# Food Porn...



## iconoclast (Aug 8, 2007)

i hope everyone here caught that 'no reservations: food porn' episode... prolly one of the best of the entire series... if you havent, i suggest checking it out.


----------



## koukouvagia (Apr 3, 2008)

I saw part of it yesterday at Momofuko's. What an amazing amazing amazing meal!! A couple of weeks ago I watched the episode where he went to Greece. He was none too excited about Greek food and seemed pretty annoyed when visiting Krete. I guess he doesn't care too much for guns.... wow was I embarrassed to be Kretan!


----------



## bubba (Dec 10, 2008)

I saw it and recorded it. It was a good one.


----------



## iconoclast (Aug 8, 2007)

eric ripert's segment was my favourite, then jose andres and then the crew from au pied cochon...


----------



## headless chicken (Apr 28, 2003)

did anyone here submit a video to for that co-host a No Reservations contest?


----------



## iconoclast (Aug 8, 2007)

wasnt even aware of it... what is it?


----------



## headless chicken (Apr 28, 2003)

That was some time ago in, I think, season 5 when he did Saudi Arabia. A contest was hosted by Travel where people did like a 1-2mins video of why they should co-host a show with Bourdain on a country/city of their choice. I had considered it but after going through what I knew of Toronto, I'm sure it wouldn't have made good television.
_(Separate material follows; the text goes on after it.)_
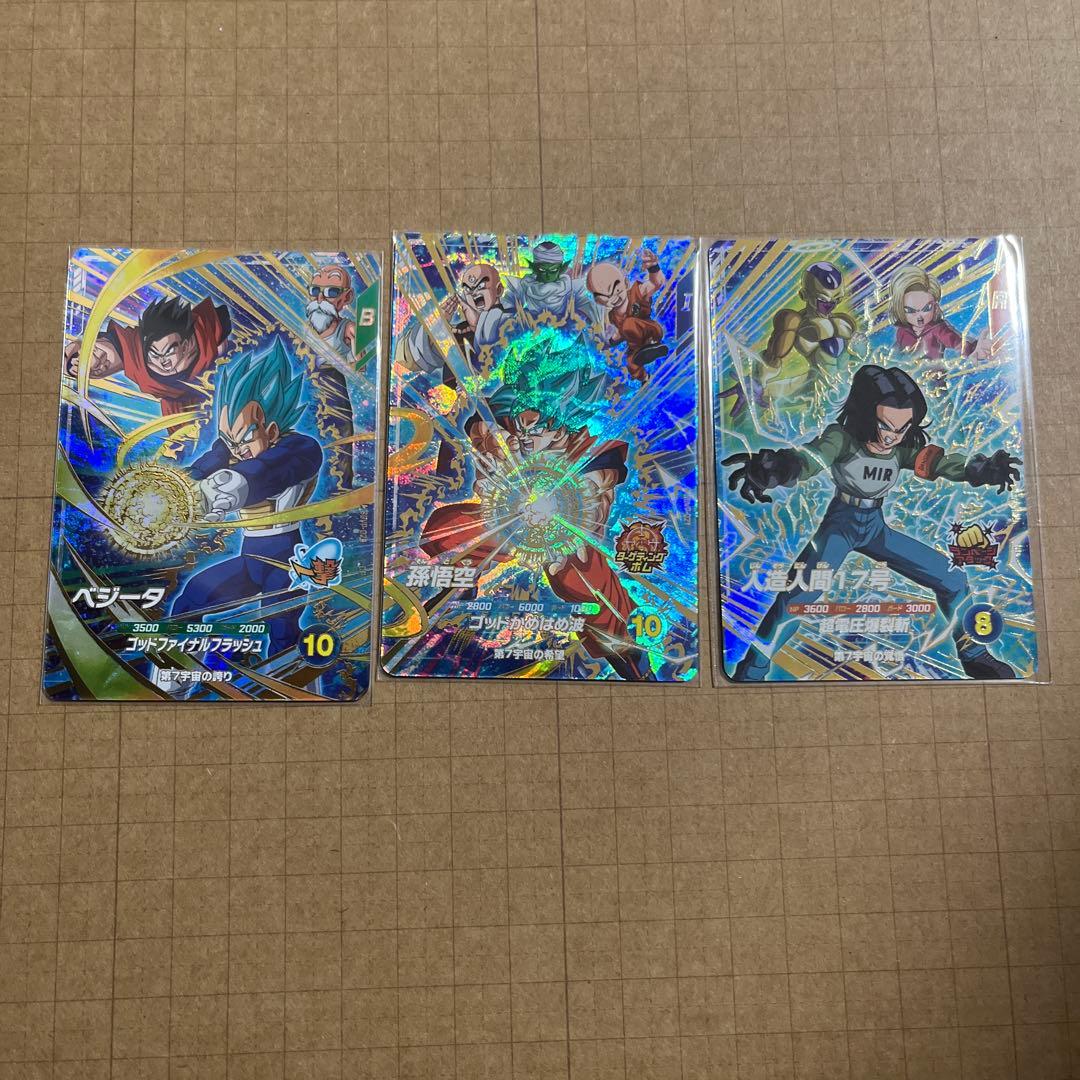 ドラゴンボールダイバーズ GDR SDV9-031 ゴールデンフリーザ 他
Was wondering if anyone here did or thought of doing an entry at the time.


----------



## iconoclast (Aug 8, 2007)

gotcha... never knew... i wonder if this is going to be the last season? idk how many more places he could cover?


----------



## iconoclast (Aug 8, 2007)

one more thing, how could he go to chicago and not go to alinea???


----------



## headless chicken (Apr 28, 2003)

I know hes hitting the Philippines next, I'd still love for him to come here to Toronto rounding off his Canadian experience. I think he should do a China Pt II considering he has even admit that the country is so vast, he can't fit it all into 45mins. Maybe a bit more of Central America like St. Lucia. Thailand, Australia, I don't think hes done Morocco yet but I think he has for Cook's Tour.


----------



## bryanj (Jun 20, 2008)

Yeah I was pretty upset about no Alinea as well. Also, I was hoping he'd go to Kuma's Corner. He would love that place. I was pretty stoked to see L20 on it though.


----------